Cable Has the Edge Over Telcos - Barron's

Includes: CMCSA, CVC, T, VZ
by: SA Eli Hoffmann

Barron's Tech Trader Eric Savitz says recent Q2 earnings results give him every reason to believe telcos are being owned (or pwned) by the cable industry.

Verizon (NYSE:VZ) lost 1.7M access lines last quarter, and 171K DSL lines - the first time ever a U.S. telco has lost net DSL customers. It did add 176K FiOS video subs and 187K FiOS broadband lines, but Bernstein's Craig Moffett is startled by the fact that growth in both slowed from Q1 - and that the 6% gain in FiOS broadband customers was despite a 33% increase in coverage. AT&T (NYSE:T) lost almost 1M residential primary access lines, and added 170K U-verse video customers.

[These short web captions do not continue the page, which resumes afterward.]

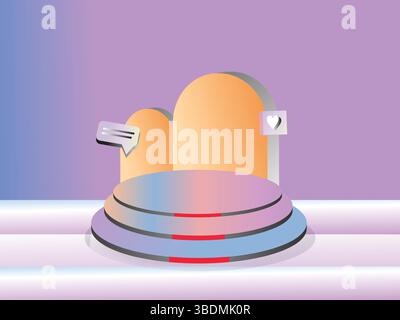 D scena podio con doppie forme astratte e icone di interfaccia fluttuanti Illustrazione Vettoriale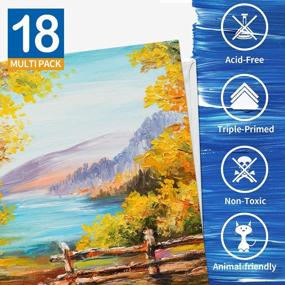img 2 attached to FIXSMITH 18 Pack Painting Canvas Panels, Multi Pack- 4X4, 5X7, 8X10, 9X12, 11X14 Inches, 100% Cotton Primed Canvas Boards For Acrylic, Oil,Other Wet & Dry Art Media,Art Gift For Kids, Adults,Beginners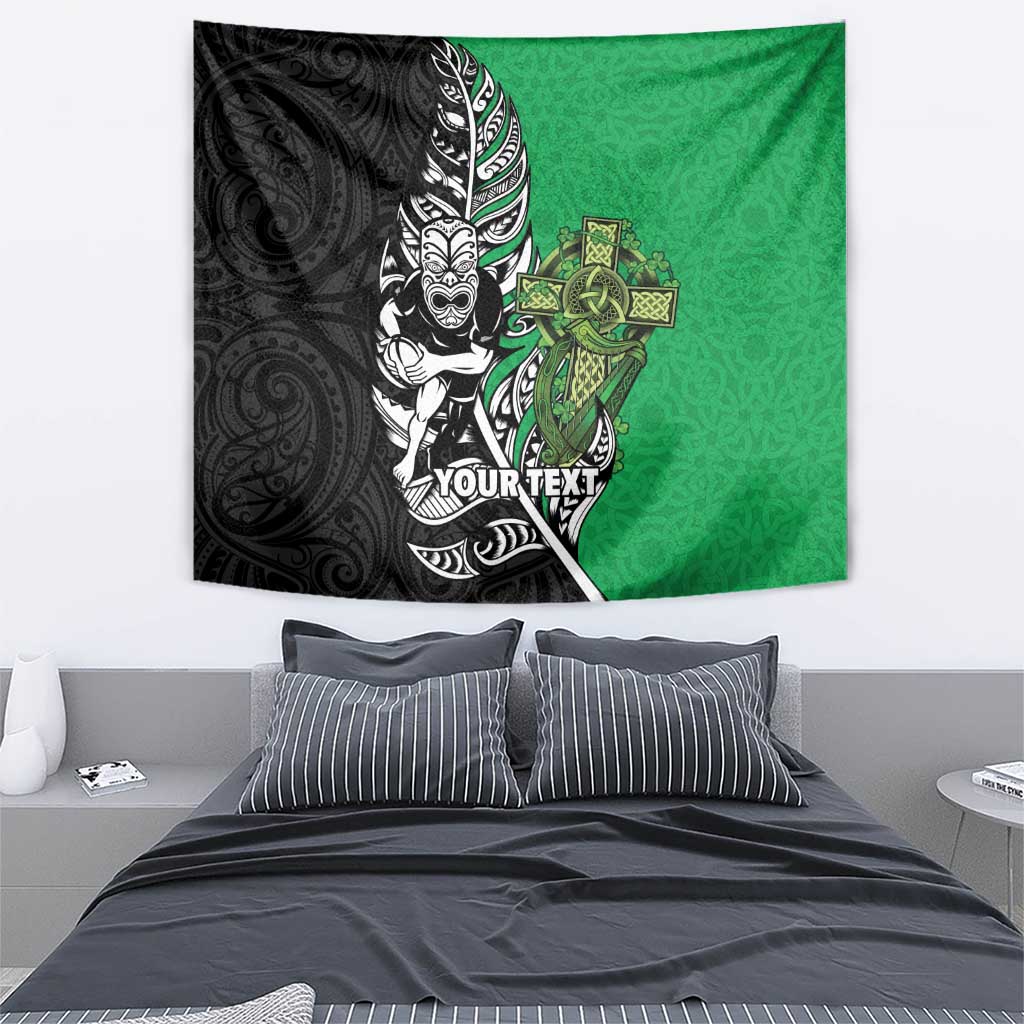 New Zealand and Ireland Rugby Custom Tapestry Maori Tiki Fern Irish Celtic Cross LT14 - Polynesian Pride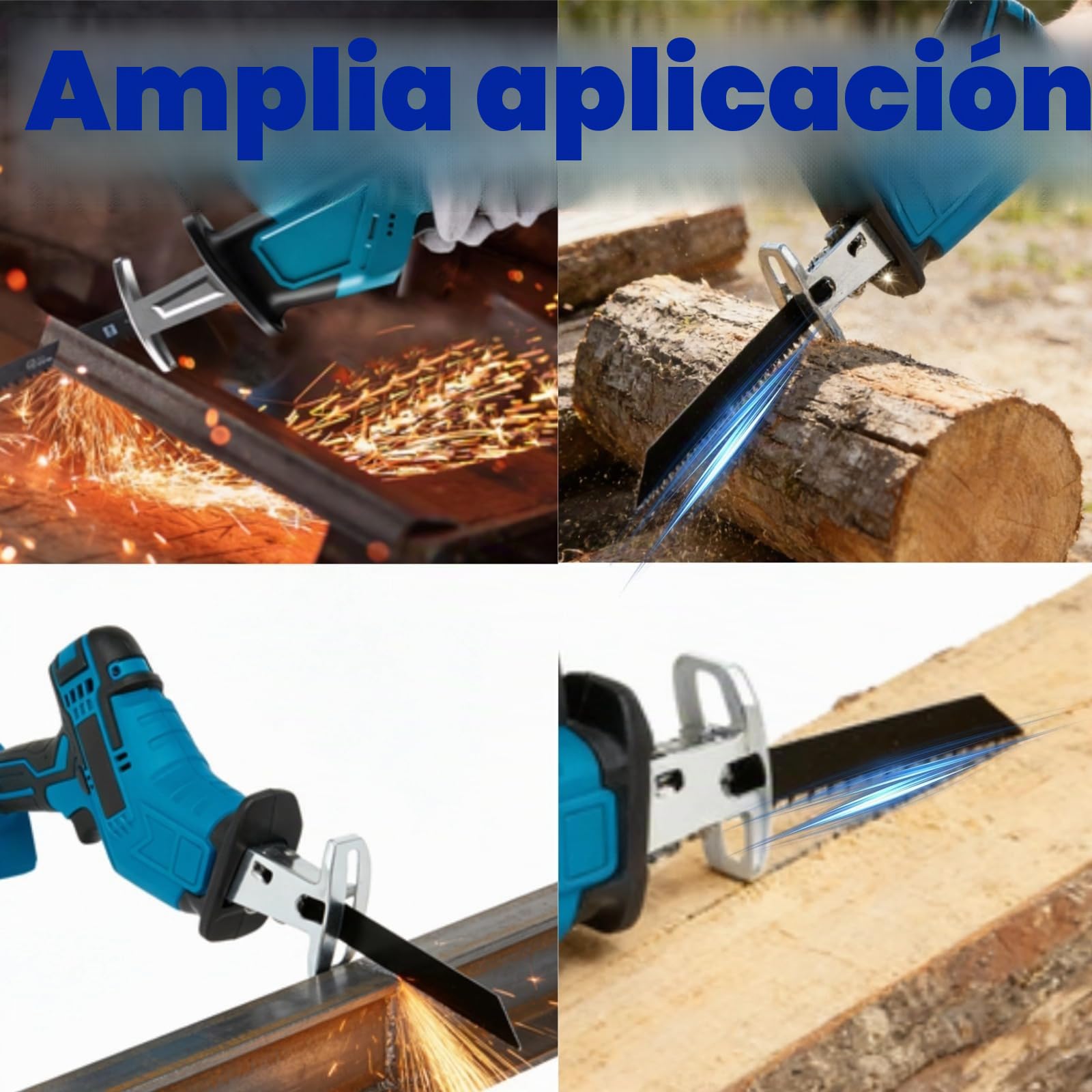 Eléctrica Sierra Sable Inalámbrica 21V con 2 Baterías Cargador 4 Hojas de Sierra, Motor Sin Escobillas con Luz LED, Sierra Alternativa de Velocidad Variable para Metal, Madera, Tubos de PVC y Corte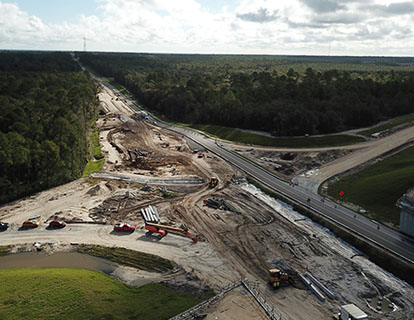 Aerial shot of the First Coast Expressway Construction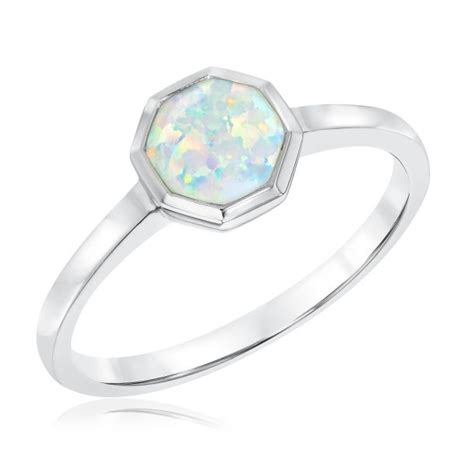 Octagon Created Opal Sterling Silver Ring REEDS Jewelers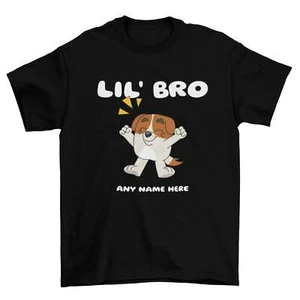 Personalised Little Bro Brother Cartoon style T-shirt Funny Dog Any Name Added - Picture 1 of 12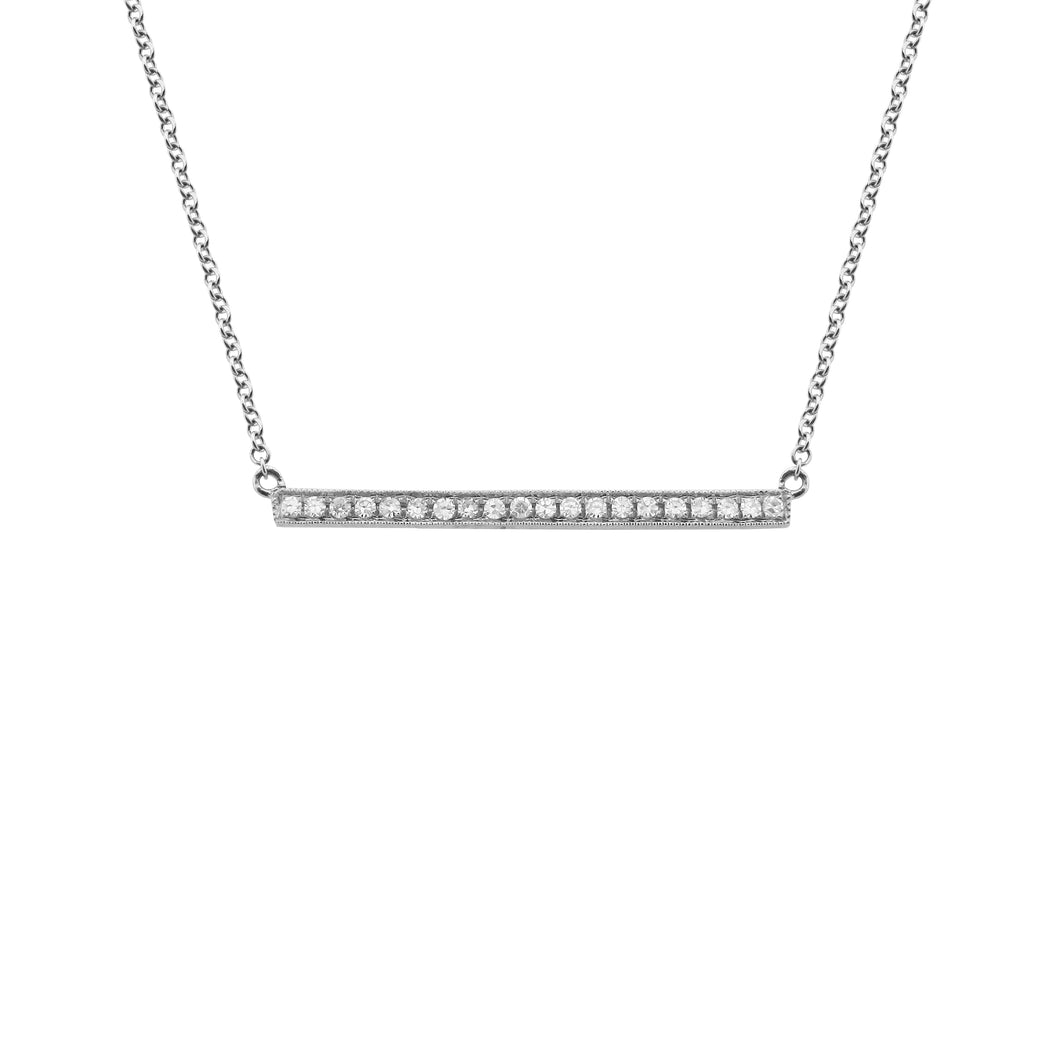 14K GOLD DIAMOND MARIA BAR NECKLACE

Contrast that with Comcast (NASDAQ:CMCSA) and Cablevision (NYSE:CVC). CMCSA added 0.5M new phone customers, 278K broadband accounts, and 320K digital cable lines, while losing 138K basic cable subs. CVC added 120K digital video subs, 52K broadband lines and 81K voice lines.

Last week CVC president James Dolan told analysts during the company's earnings call he "has a strong desire to close the value gap" between its deflated stock price and its true worth - adding it is "considering and actively exploring alternatives that may close this gap" - sending shares up 15%. Possibilities include initiating a regular dividend, a large one-time cash payout, or a share buyback. And never discount the possibility of the Dolans making another pass at taking the company private. Moffett thinks shares could almost double to $45.


In an earlier post, Savitz looks at the possibility of a renewed Dolan courtship in more detail.

Larry Dignan says everyone's a loser in the telco/cable war.

Why will all of these companies lose in the broadband wars? Telecom giants are a thorn in Comcast’s side, but aren’t taking a bunch of customers. Meanwhile, all parties are spending heavily on marketing.